This seems to be a new driver, totally unrelated to bwn(4) or bwi(4). The license headers in each file seems to indeed indicate that this driver can be ported without a lot of hassle (license wise), feel free to do so. :stud

How stable is it anyways? The TODO file mentions a lot of missing features..


----------



## tessio (Feb 11, 2011)

I never used the wireless card, but I will test it soon..


----------



## Nollo (Feb 11, 2011)

With my Debian Linux, I use this driver => http://wiki.debian.org/wl


----------



## tessio (Feb 11, 2011)

I've just tested it and the brcm80211 driver works fine.. (with the help of a closed firmware, sadly)


----------



## Nollo (Feb 14, 2011)

tessio said:
			
		

> I've just tested it and the brcm80211 driver works fine.. (with the help of a closed firmware, sadly)

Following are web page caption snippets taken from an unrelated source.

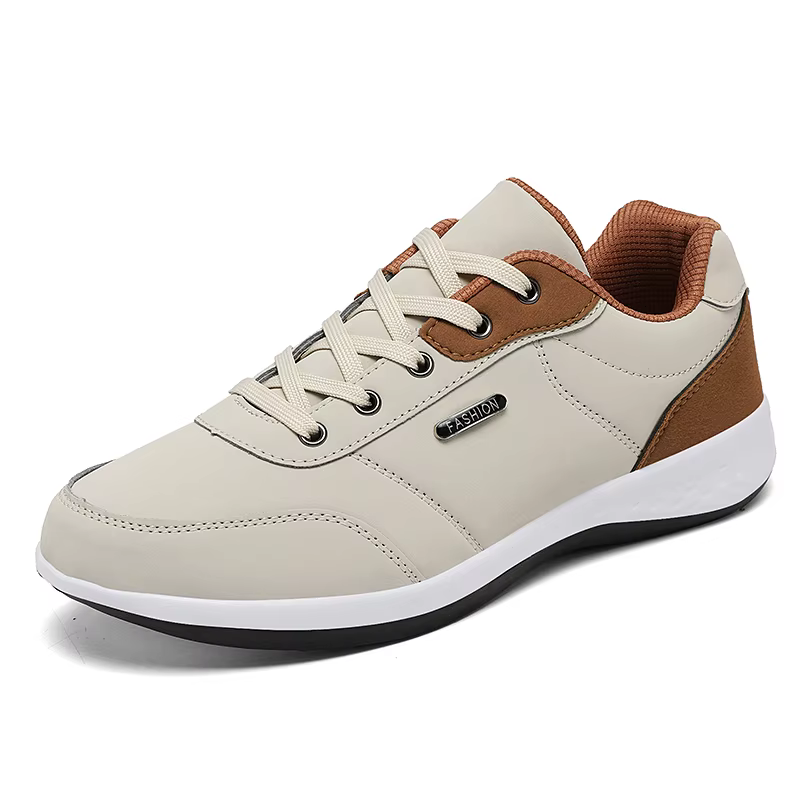 Nouveau Balan hommes chaussures en cuir Sneaker tendance chaussures de Sport respirant hommes basket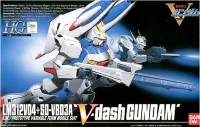 BANDAI HOBBY HG 1/100 V-Dash Gundam - After War Gundam X - photo 1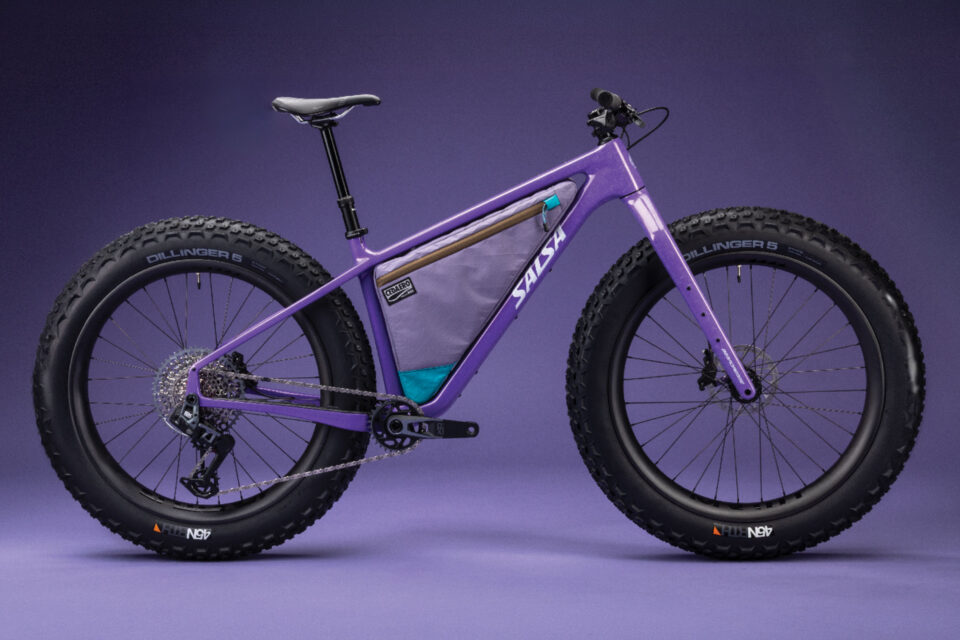 Check out the 2026 Salsa Beargrease, Updated Bearpaw Fork, and 45NRTH Levitas Rims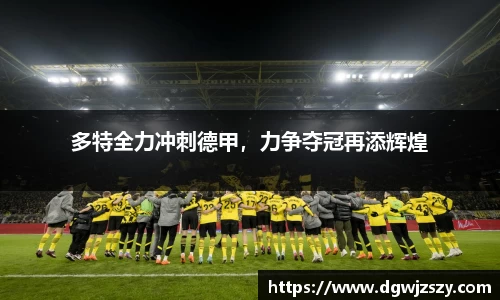 多特全力冲刺德甲，力争夺冠再添辉煌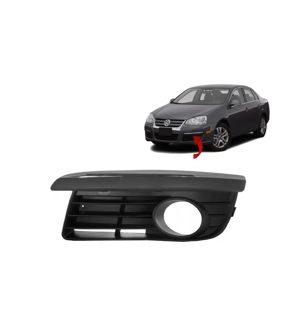 WİSCO Ön Tampon İzgarasi Sol Sisli Krom Jetta 06-10 1k0853665e 1234145-00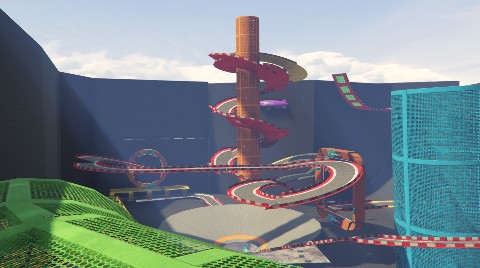 MARIO KART WARIO STADIUM job image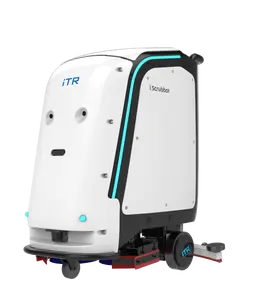 Автомобильные интеллектуальные роботы с низким уровнем дефектов Smart ITR, коммерческие чистящие Роботы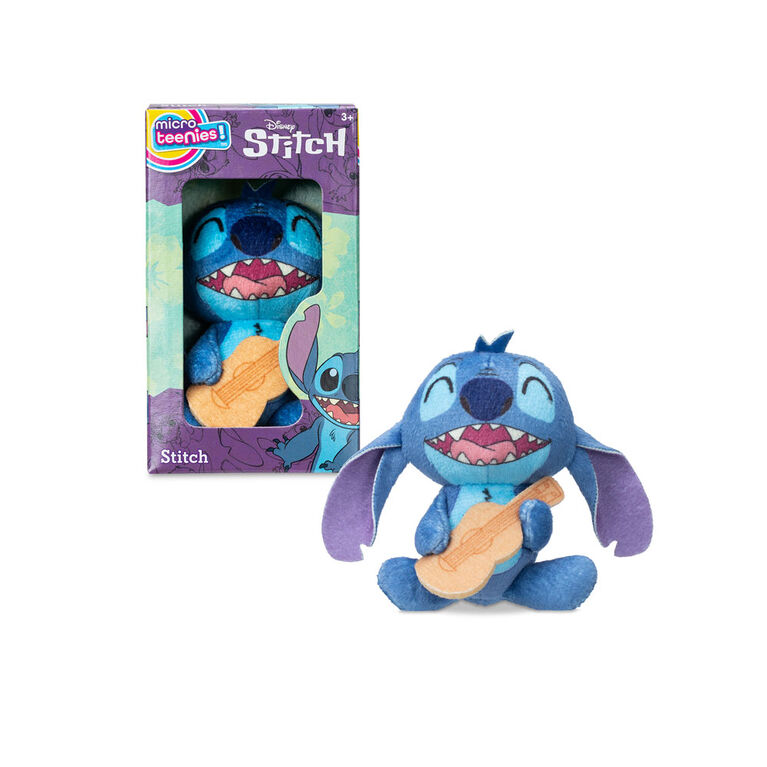 Micro Teenies Disney Stitch - Stitch With Ukulele
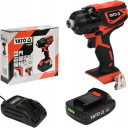 18V Impact Drill Driver Set YT-82800 YATO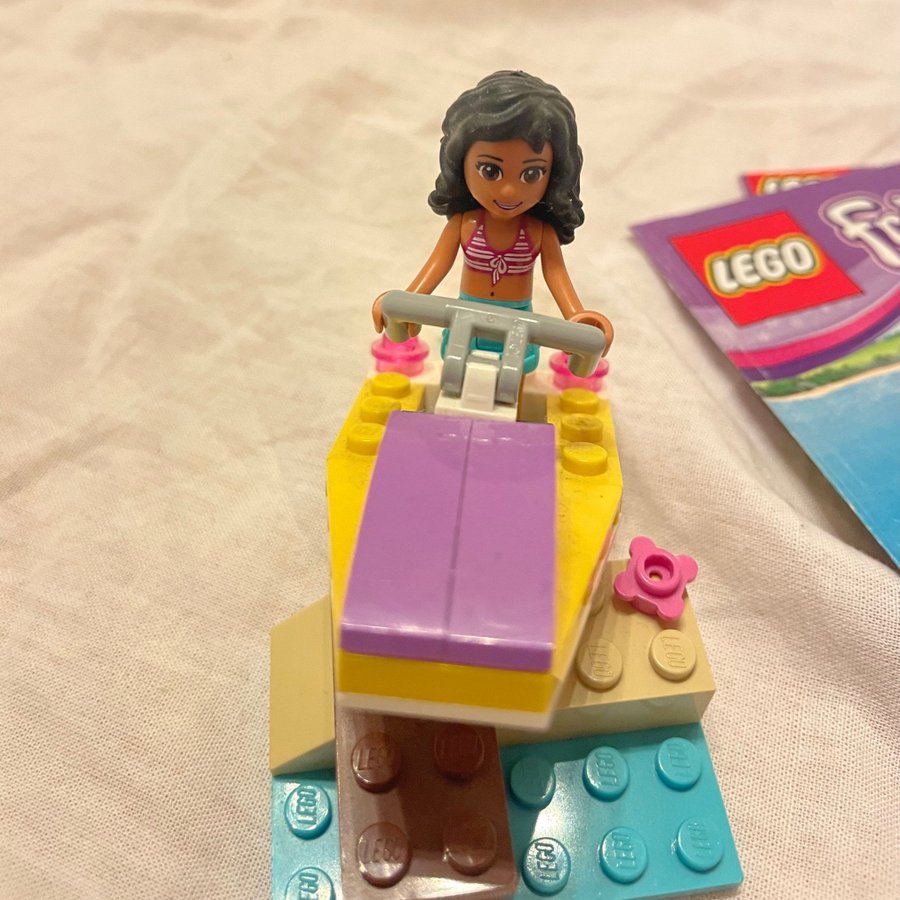 LEGO Friends 41000 Kul på vattenskoter / jetski - komplett!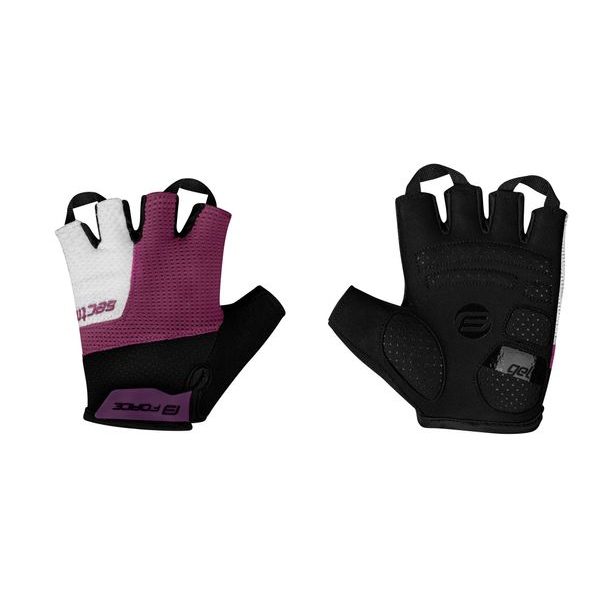 SECTOR LADY gel, black and purple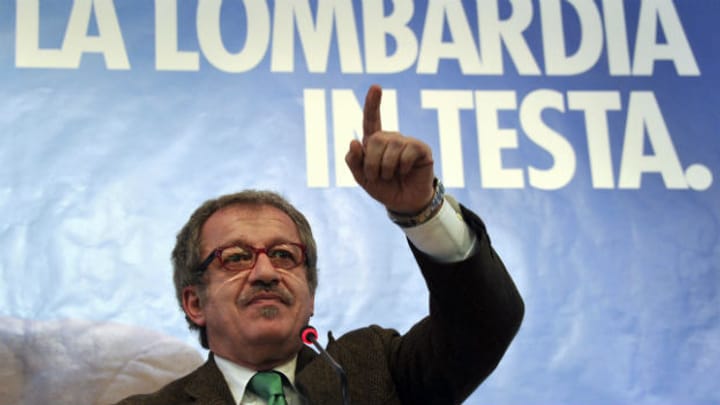 Lega Nord bleibt ein Faktor in der italienischen Politik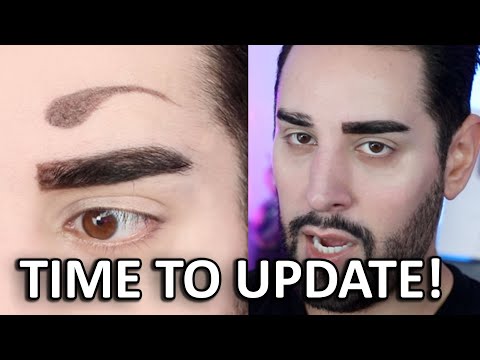 This is why your brows look terrible | Updated brow tutorial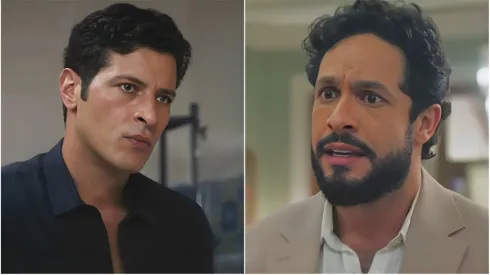 Marino e Luigi.  Immagini: Riproduzione/Globo
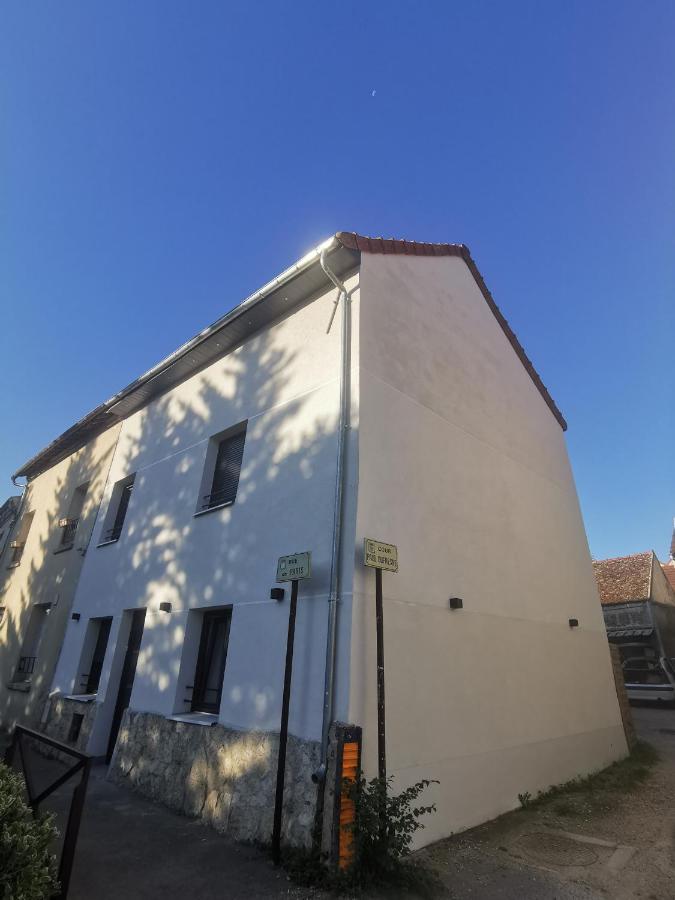 Chambres Dans Maison Neuve Au Style Chic Et Boheme Villeneuve-sous-Dammartin Exteriör bild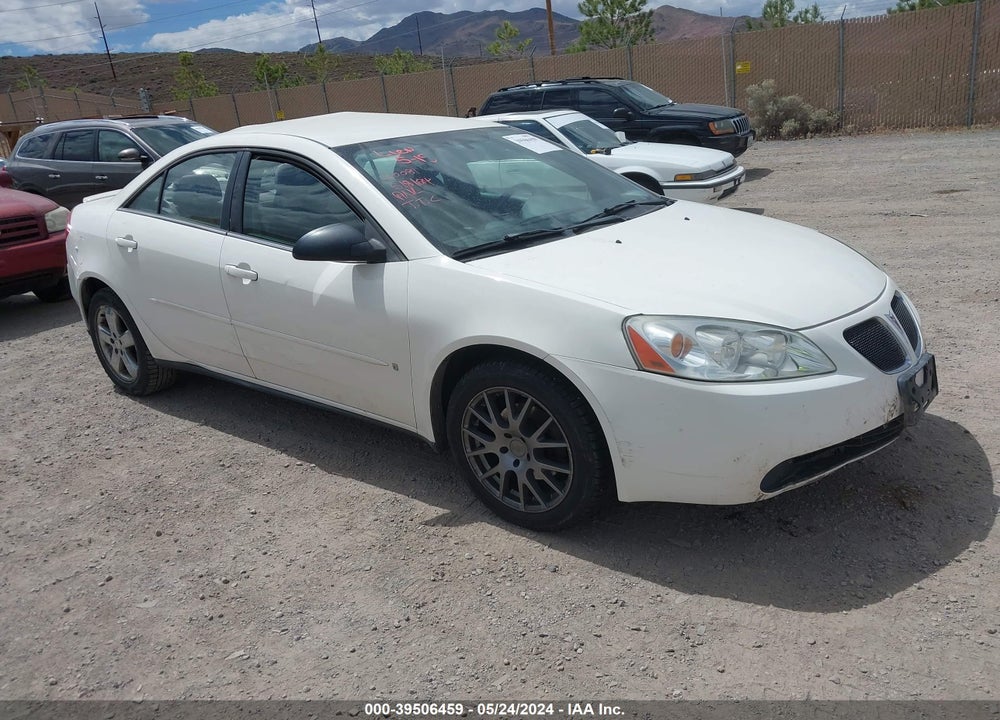 2007 PONTIAC G6 VIN: 1G2ZG58N874125979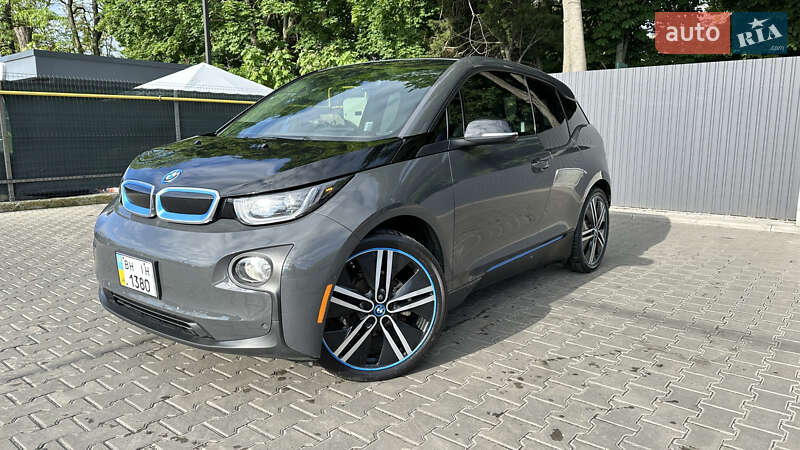 Хэтчбек BMW I3 2015 в Одессе
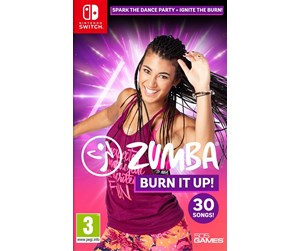 Spill - Zumba Burn it Up! - Nintendo Switch - Sport - 8023171044293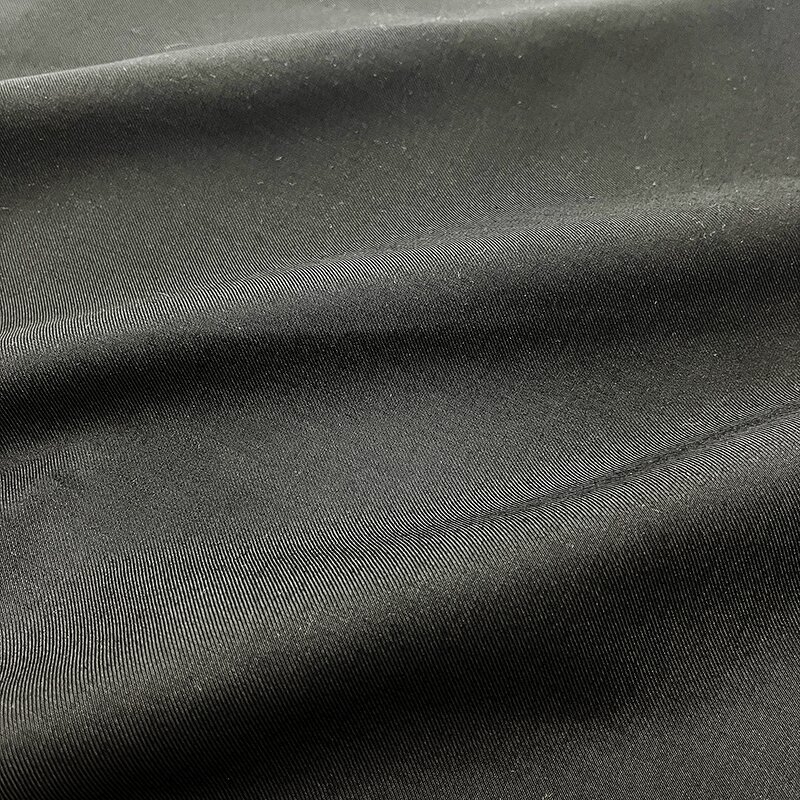 Reactive Dyed Blazer Fabric Factory - Black Color Eco-friendly for Suit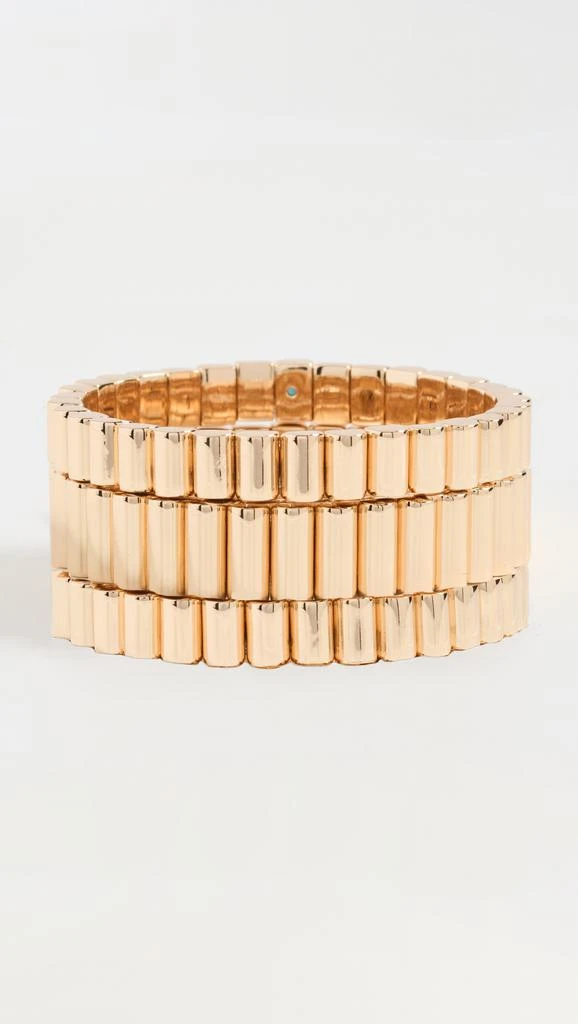 Roxanne Assoulin The Ripple Bracelet - Set Of 3 1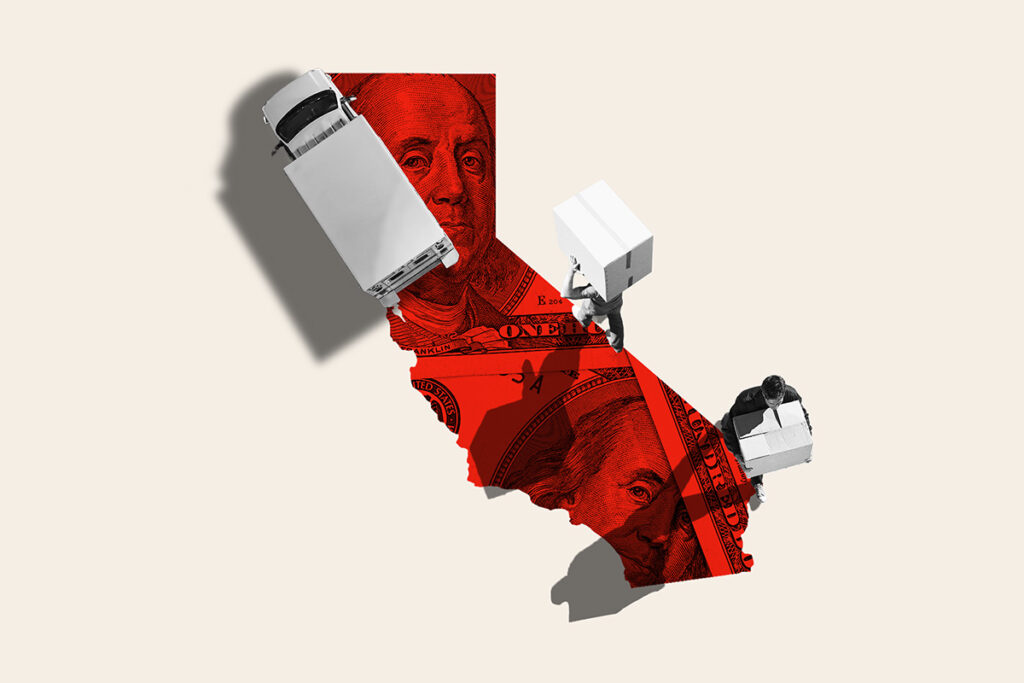 Californians Are Being Priced Out of the State. Where Are They Going?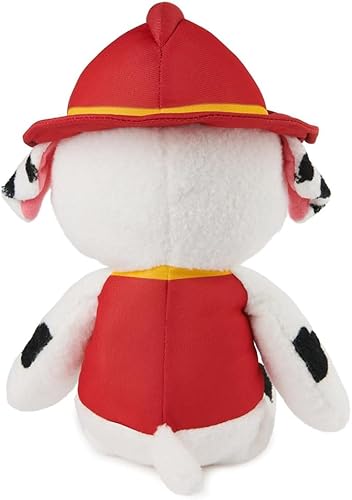 Miniatura 7 de Peluche oficial de la Patrulla Canina Chase Take Along Buddy, animal de peluche de primera calidad para edades de 1 año en adelante (persecución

You tested it with a broadcom 4313 chipset ?


----------



## tessio (Feb 16, 2011)

Yes, BCM4313 card/chip..


----------



## Nollo (Feb 16, 2011)

tessio said:
			
		

> Yes, BCM4313 card/chip..



Sorry to insist, but I think I misunderstood you, you tested it under a linux distribution or FreeBSD?


----------



## tessio (Feb 17, 2011)

I used Arch Linux..


----------